Sure, a one-point win over the Sacramento Kings and a six-point win over the Orlando Magic are hardly impressive. But without Curry, without Green – and even Alfonzo McKinnie, who’s absence has rarely been mentioned, but has been evident on the court – the Warriors aren’t the best team in the NBA. Yet, when the regular season is over, a one-point win and a 20-point win mean the same thing.
The truth is that the Warriors aren’t going to get worse than they were a week or two ago. Four-straight losses is not anywhere in the team’s future. Curry is on pace to be back as soon as Thursday. Green might be out longer, but his return is most likely weeks, not months away.
Oh, and DeMarcus Cousins – who, to be fair, is a very large man coming back from one of the most devastating injuries any athlete, let alone one of his stature can sustain – is going to join the lineup at some point this season. At the very least, he’s a threat, and a distraction from the myriad other weapons the Warriors already have. At best, he’s one of the most dominant centers in the league.

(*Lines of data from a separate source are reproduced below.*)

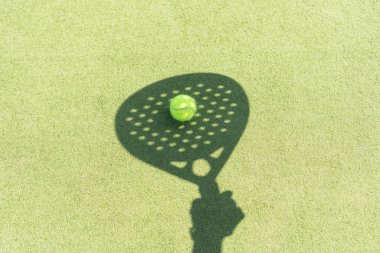 Yeşil çimlerin üzerinde sarı bir top olan padel raketinin gölgesi. Yüksek kalite fotoğraf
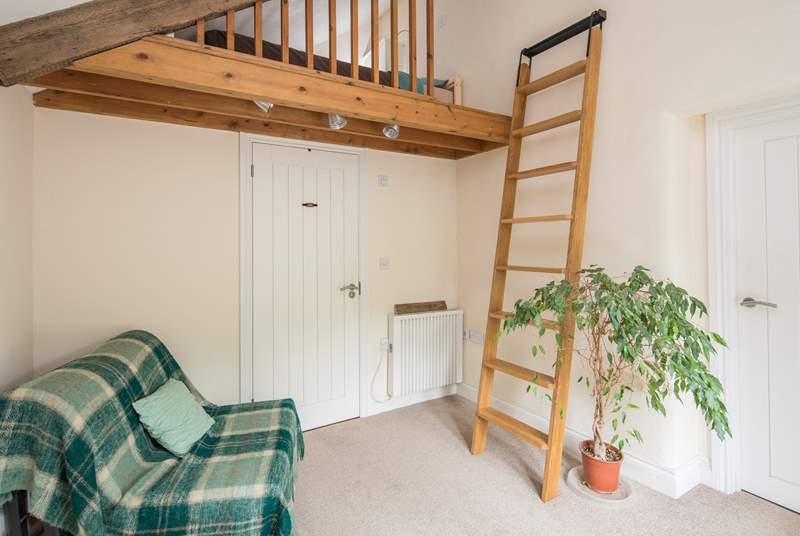Bedroom 1 is on a raised platform. This single bed is the perfect retreat for that member of the party seeking total peace. Through the white door is the ground floor shower-room.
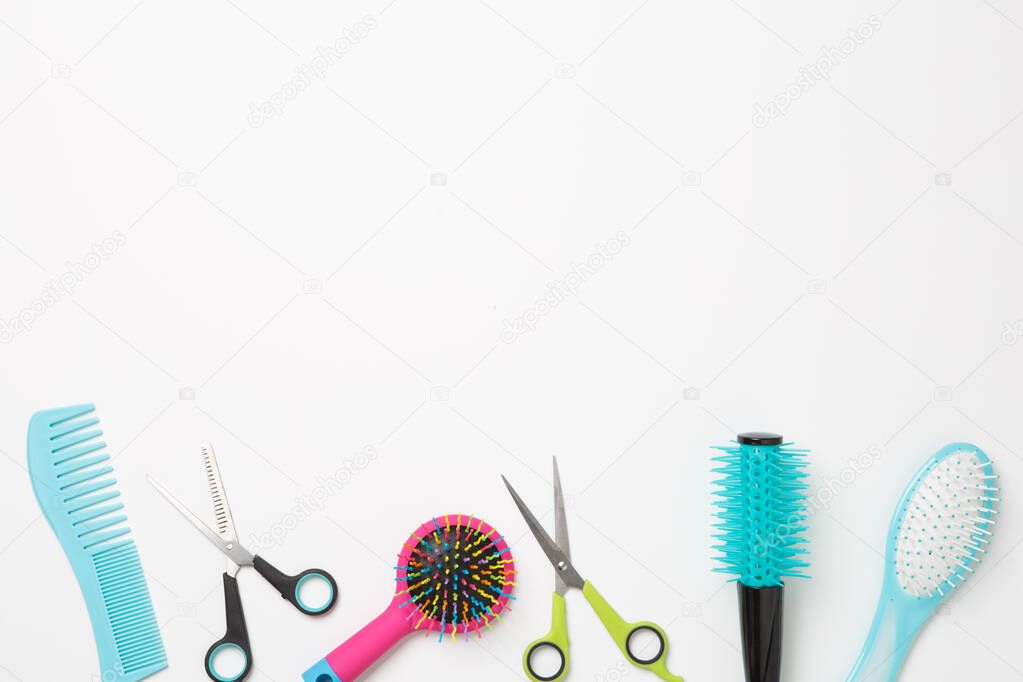 Image of combs and scissors isolated on white background. Place for text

Remind yourself, for a moment, how dominant the full-strength Warriors were to open this season. They went 11-1 and won eight-straight games before losing to the Milwaukee Bucks and Curry. The only team that has proven it could beat the Warriors in a playoff series in the past four years was the LeBron James and Kyrie Irving-led Cleveland Cavaliers – and that’s only after the Warriors effectively beat themselves and lost Green to suspension.
The Houston Rockets came close last season, but they’re worse than they were last year. They lost the architect of their defense in associate head coach Jeff Bzdelik and a pair of defensive studs in Trevor Ariza and Luc Mbah a Moute. Even with that group, the Warriors pulled through that series, albeit with the Rockets missing Chris Paul.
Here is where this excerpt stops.